» Working data:
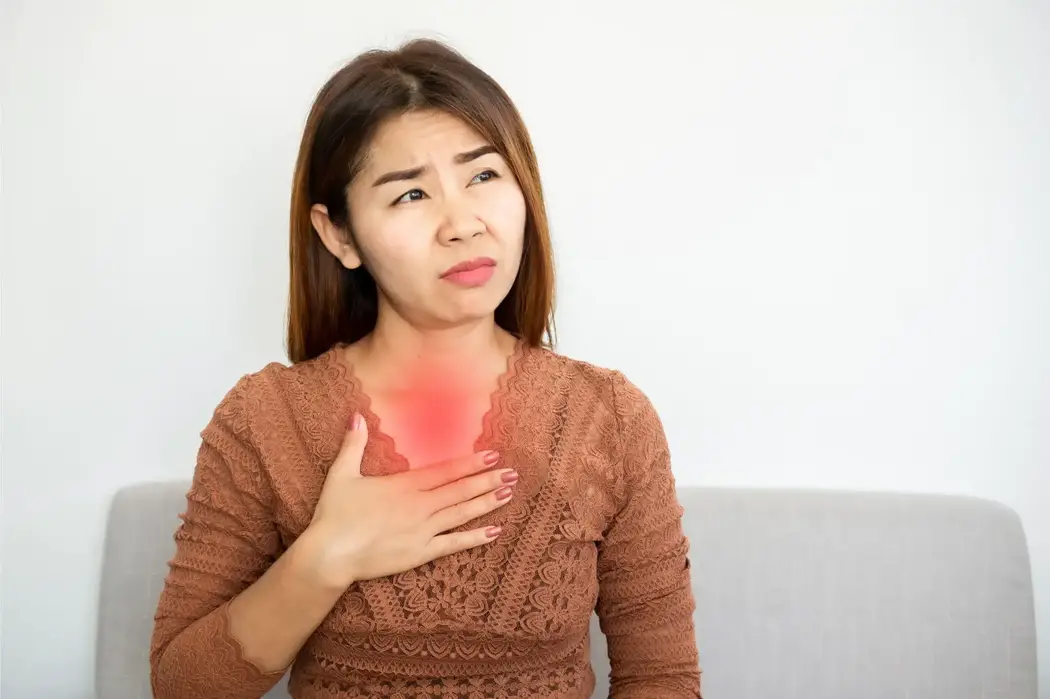 Asian Woman Heartburn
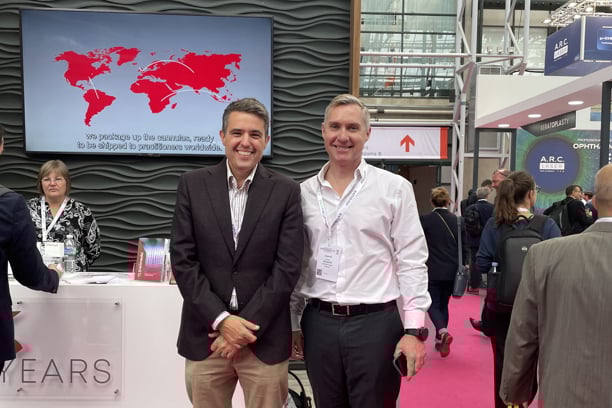 Gordon Von Sichart of Oculate, and Christopher Pearce of Sterimedix, smiling at the Sterimedix booth at ESCRS2025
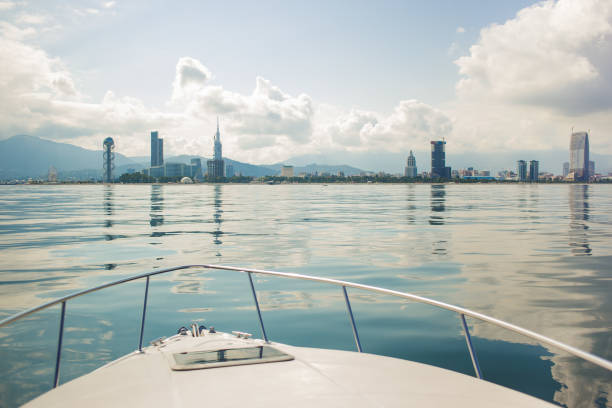 vista su batumi da uno yacht. panorama di batumi. città marina. - ferris wheel foto e immagini stock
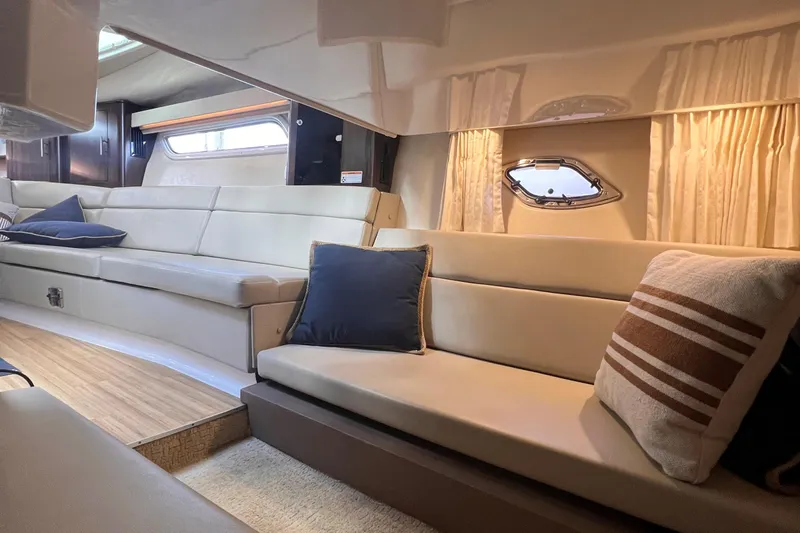  Yacht Photos Pics Interior of 2016 Regal 35 Sport Coupe with beige seating and decorative pillows.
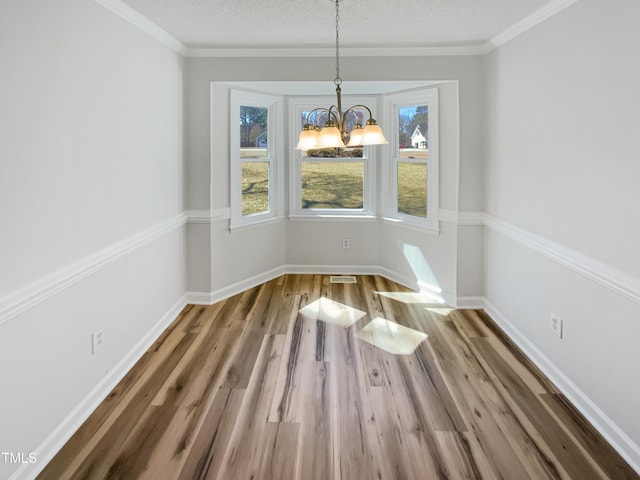 unfurnished dining area with a textured ceiling, baseboards, and wood finished floors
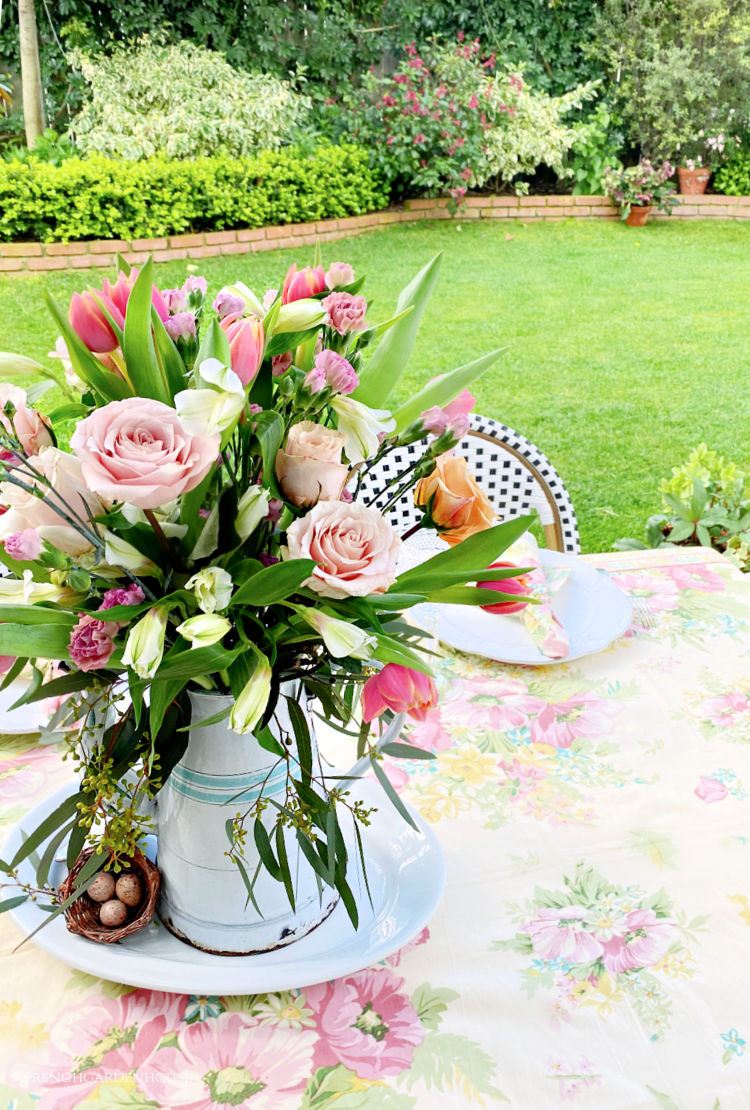 Easter flowers in antique French enamel pot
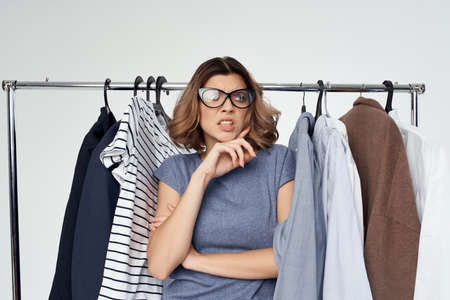 cheerful woman selection of clothes near the wardrobe studio lifestyleの写真素材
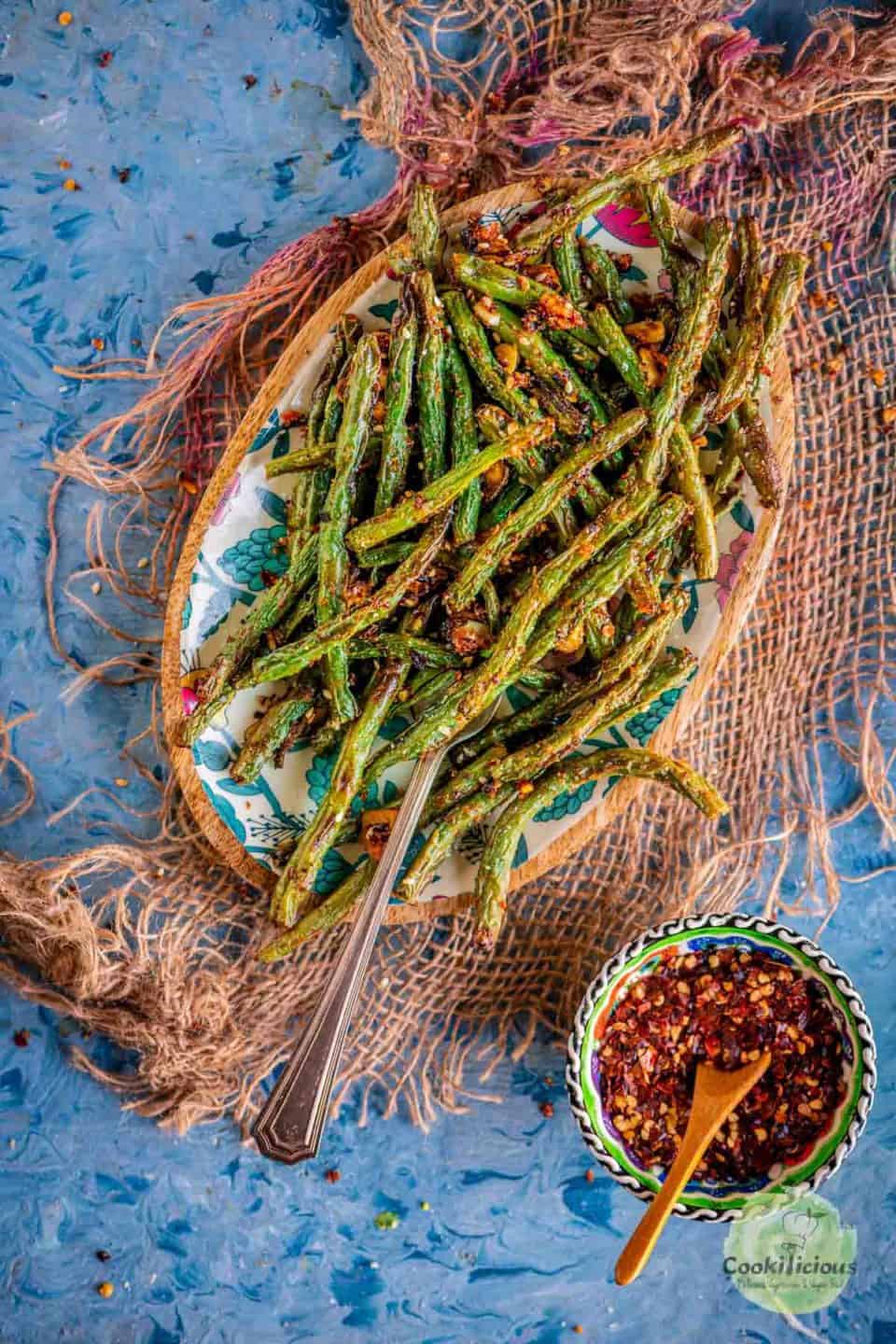 a plate full of Air Fried Green Beans served with a bowl of red pepper flakes on the side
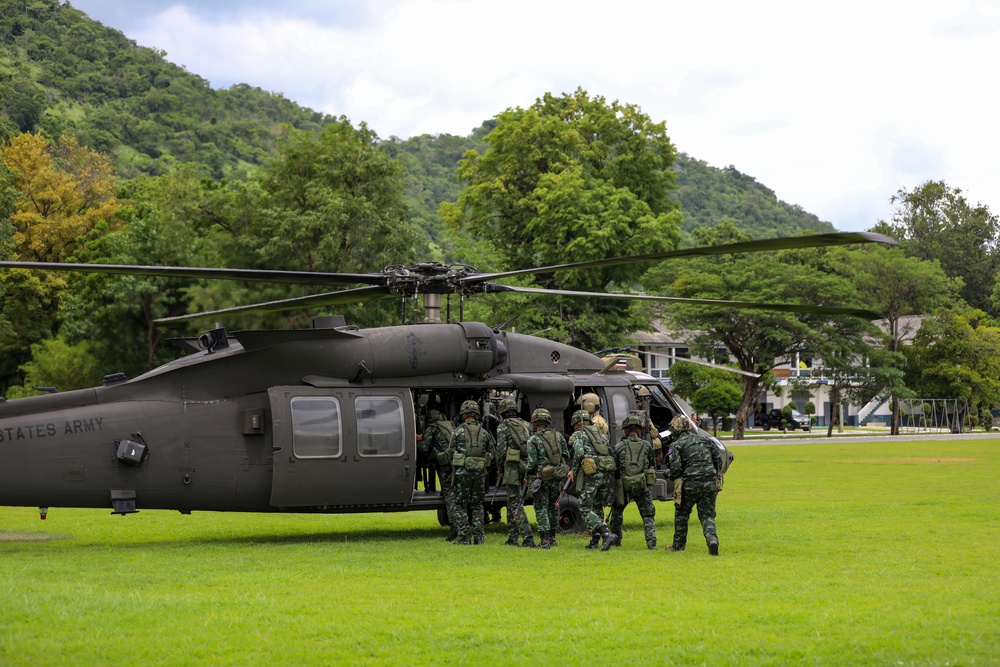 Royal Thai Army board a U.S. Army UH-60 Black Hawk helicopter during collaborative air assault operations as part of Exercise Hanuman Guardian 2023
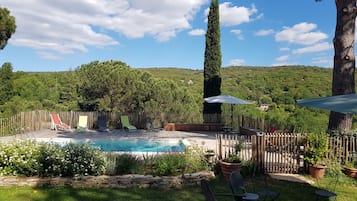 Una piscina al aire libre, sombrillas, sillones reclinables de piscina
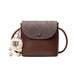 Brown crossbody purse with gray flap and plush bear keychain accessory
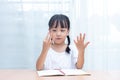 Asian little Chinese Girl doing mathematics by counting fingers Royalty Free Stock Photo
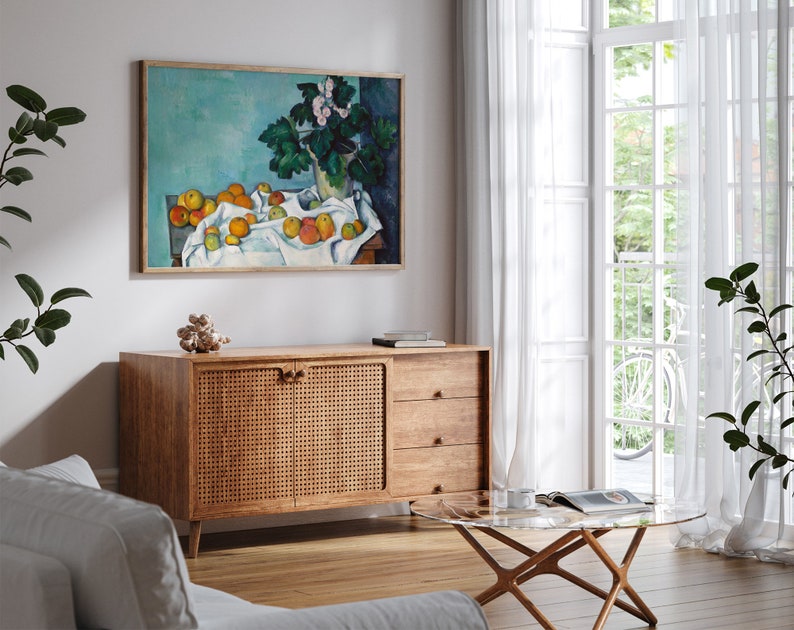 a living room with a painting on the wall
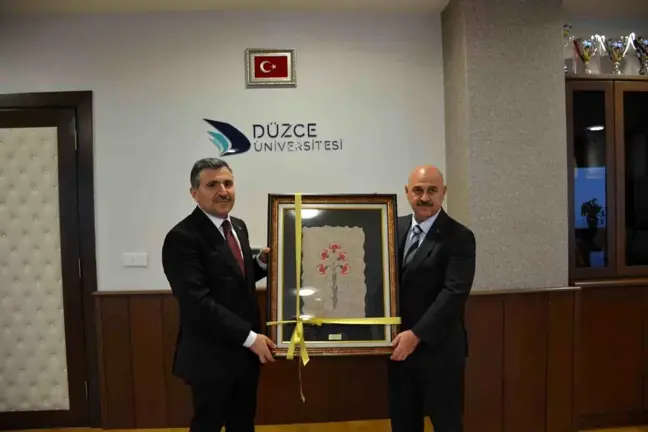 Vali Cevdet Atay, Düzce Üniversitesi Rektörü Prof. Dr. Nedim Sözbir'e veda ziyareti düzenledi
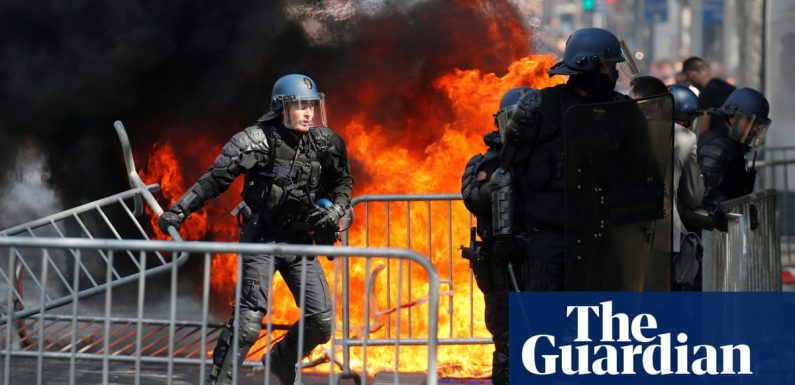 France: riot police use teargas to disperse Bastille Day protesters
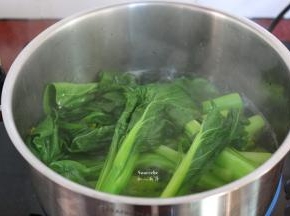 清水煮沸，放入生姜，汆烫菜心，捞出菜心放入盆中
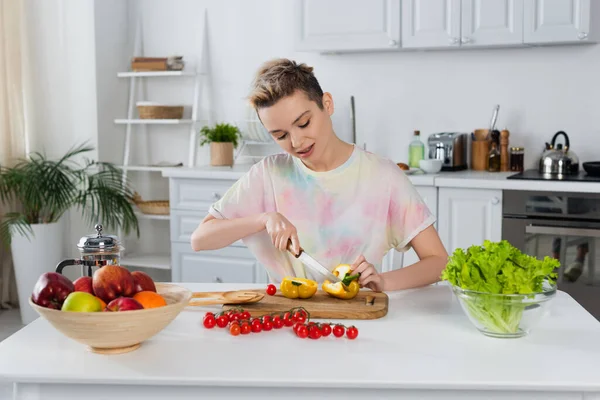 Jovem bigender pessoa corte pimentão perto de alface, tomate cereja e frutas — Fotografia de Stock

» To do: Return every entry above exactly. Pictures stay out.

» Answer space:
 Asian Woman Heartburn
 Gordon Von Sichart of Oculate, and Christopher Pearce of Sterimedix, smiling at the Sterimedix booth at ESCRS2025
 vista su batumi da uno yacht. panorama di batumi. città marina. - ferris wheel foto e immagini stock
  Yacht Photos Pics Interior of 2016 Regal 35 Sport Coupe with beige seating and decorative pillows.
 unfurnished dining area with a textured ceiling, baseboards, and wood finished floors
 Easter flowers in antique French enamel pot
 cheerful woman selection of clothes near the wardrobe studio lifestyleの写真素材
 a plate full of Air Fried Green Beans served with a bowl of red pepper flakes on the side
 Royal Thai Army board a U.S. Army UH-60 Black Hawk helicopter during collaborative air assault operations as part of Exercise Hanuman Guardian 2023
 Una piscina al aire libre, sombrillas, sillones reclinables de piscina
 Brown crossbody purse with gray flap and plush bear keychain accessory
 Asian little Chinese Girl doing mathematics by counting fingers Royalty Free Stock Photo
 a living room with a painting on the wall
 Vali Cevdet Atay, Düzce Üniversitesi Rektörü Prof. Dr. Nedim Sözbir'e veda ziyareti düzenledi
 France: riot police use teargas to disperse Bastille Day protesters
 清水煮沸，放入生姜，汆烫菜心，捞出菜心放入盆中
 Jovem bigender pessoa corte pimentão perto de alface, tomate cereja e frutas — Fotografia de Stock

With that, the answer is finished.